Please write out only the lines from the one containing "Set figurină +" through the last line of the listing. Do not include pictures.
:::::
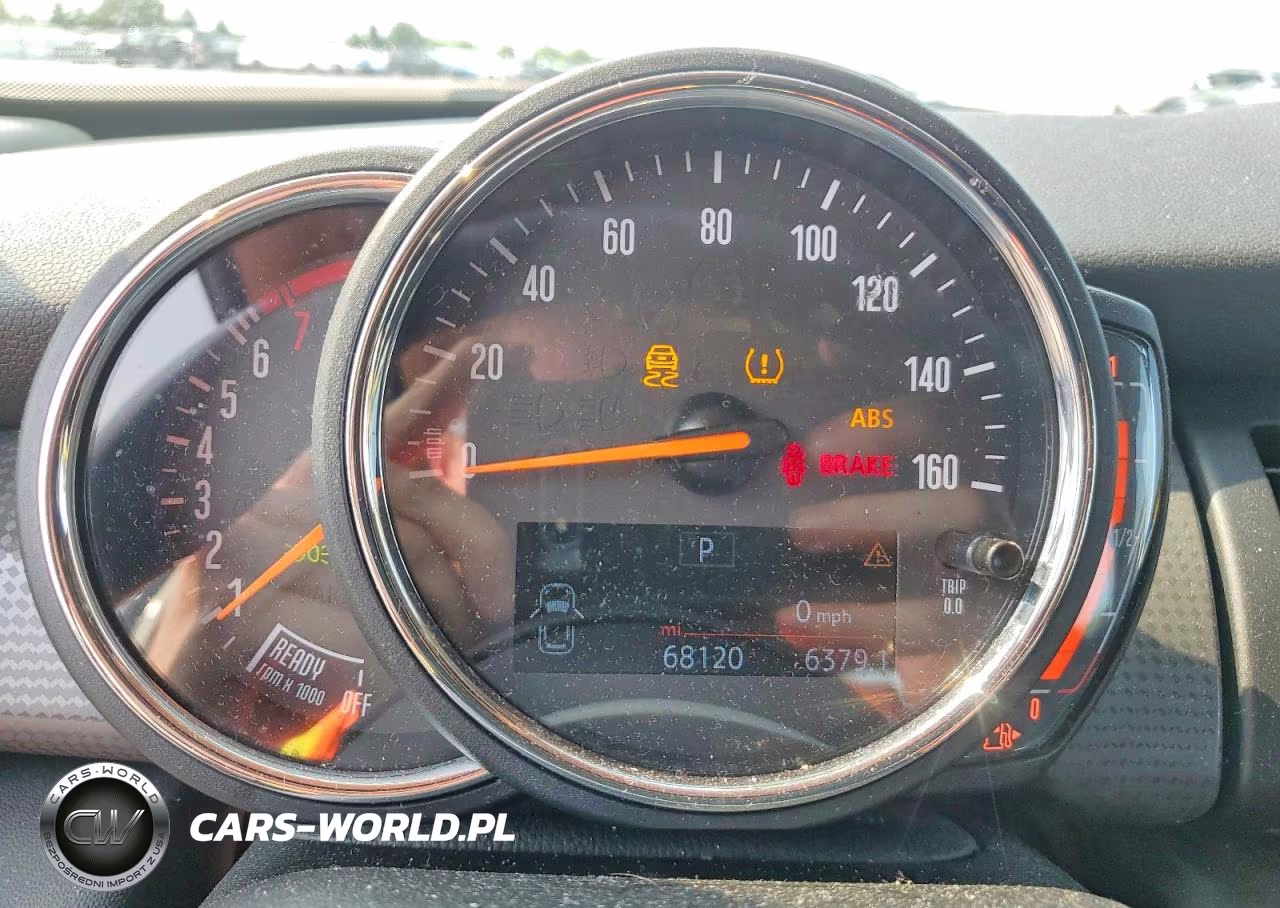 2021 Mini Cooper VIN:WMWXU7C01M2M98286 - 9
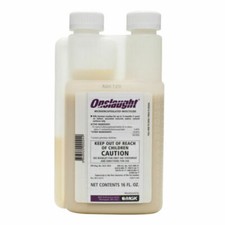 16 oz Onslaught Pest Control Insecticide Scorpions Bed Bugs Roaches Spiders etc picture
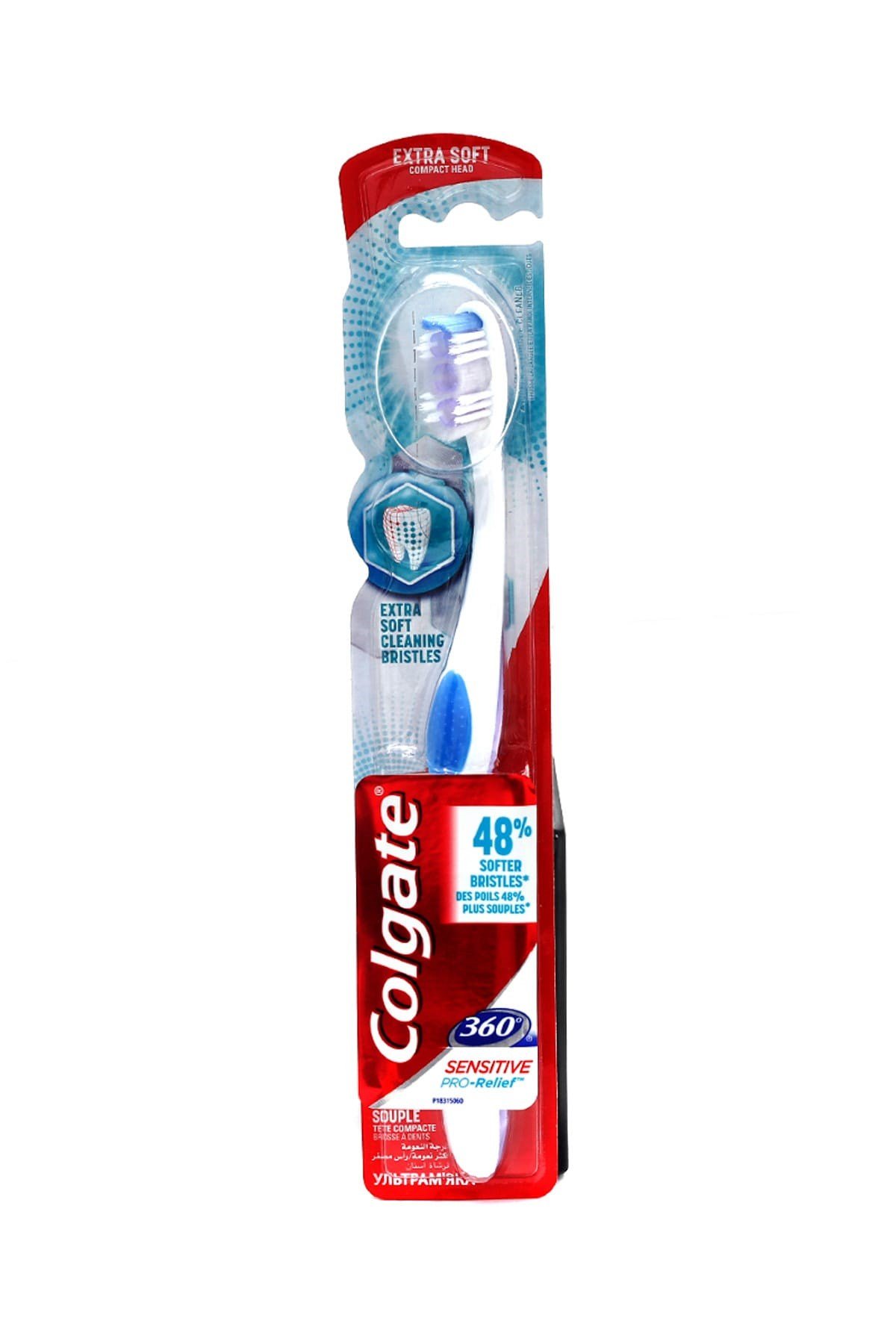 Colgate 360 Sensitive Pro-Relief Soft Diş Fırçası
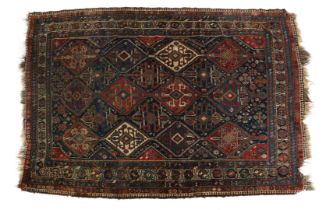 Oriental carpet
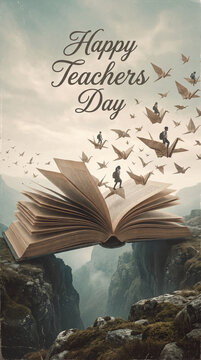 Happy Teachers Day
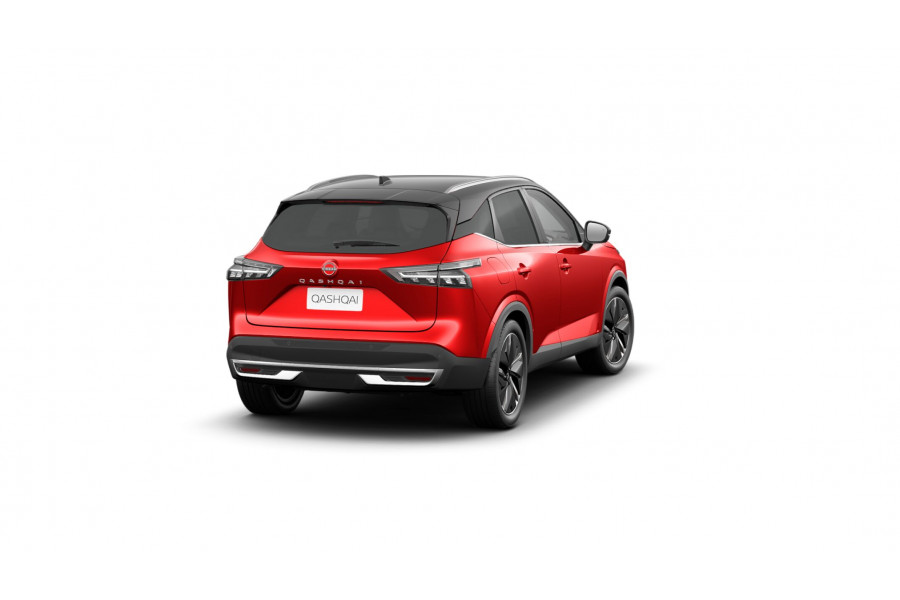 2025 Nissan QASHQAI J12 Ti SUV Image 18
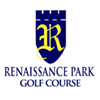Renaissance Park Golf Course Logo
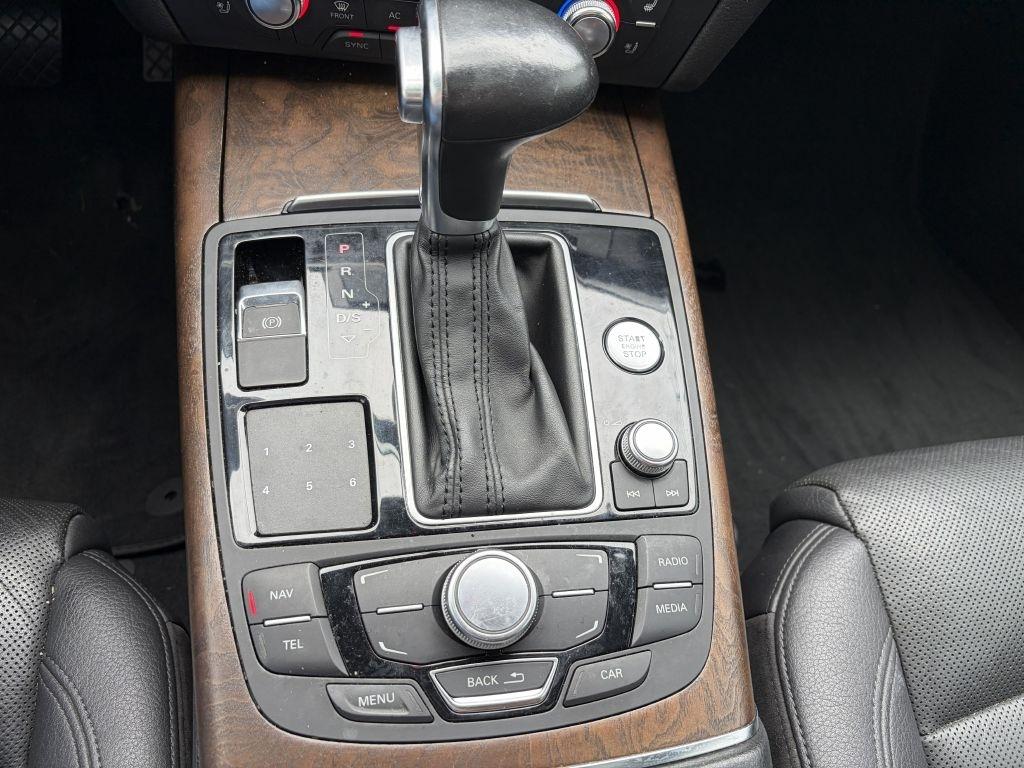 Audi A7 3.0T Premium quattro 2014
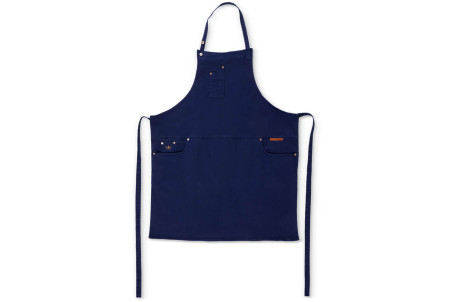 Tablier homme DutchDeluxes en coton 5 poches - 85 x 69 cm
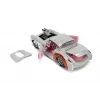 Set figurină + machetă auto Jada - DISNEY Bugs Bunny + 1957 CHEVROLET CORVETTE [1:24]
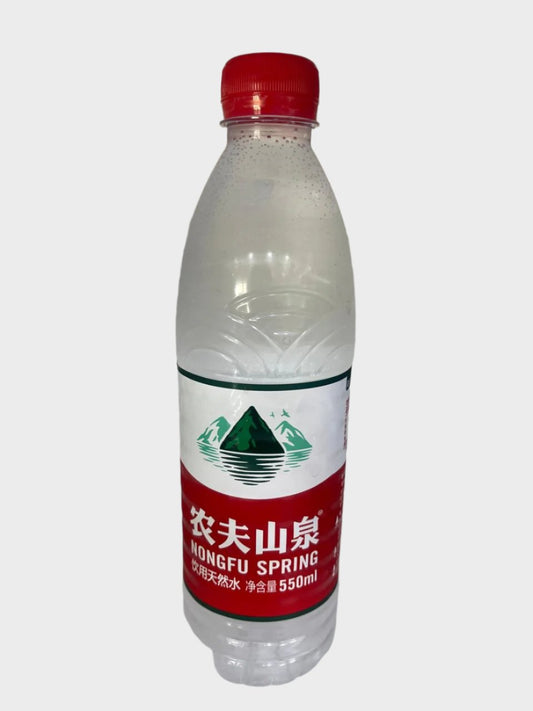 Mineral Water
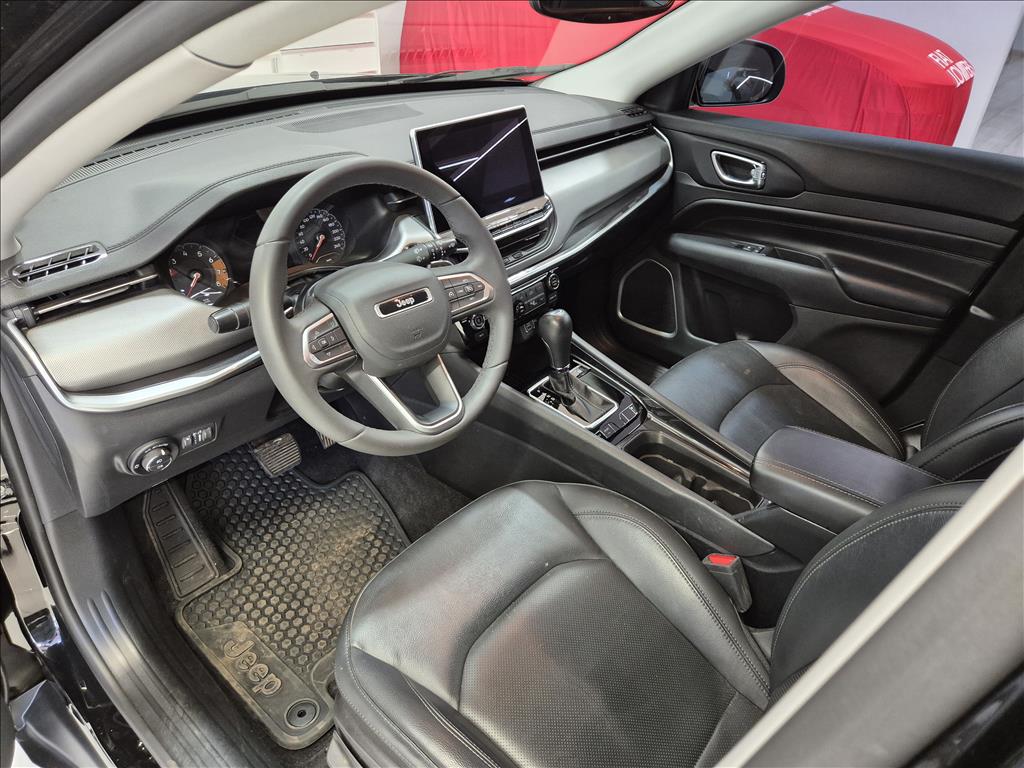 COMPASS 1.3 T270 TURBO FLEX LONGITUDE AT6 COMPASS 1.3 T270 TURBO FLEX LONGITUDE AT6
:::::
[RESPONSE AREA]
 Set figurină + machetă auto Jada - DISNEY Bugs Bunny + 1957 CHEVROLET CORVETTE [1:24]
 Mineral Water
 COMPASS 1.3 T270 TURBO FLEX LONGITUDE AT6 COMPASS 1.3 T270 TURBO FLEX LONGITUDE AT6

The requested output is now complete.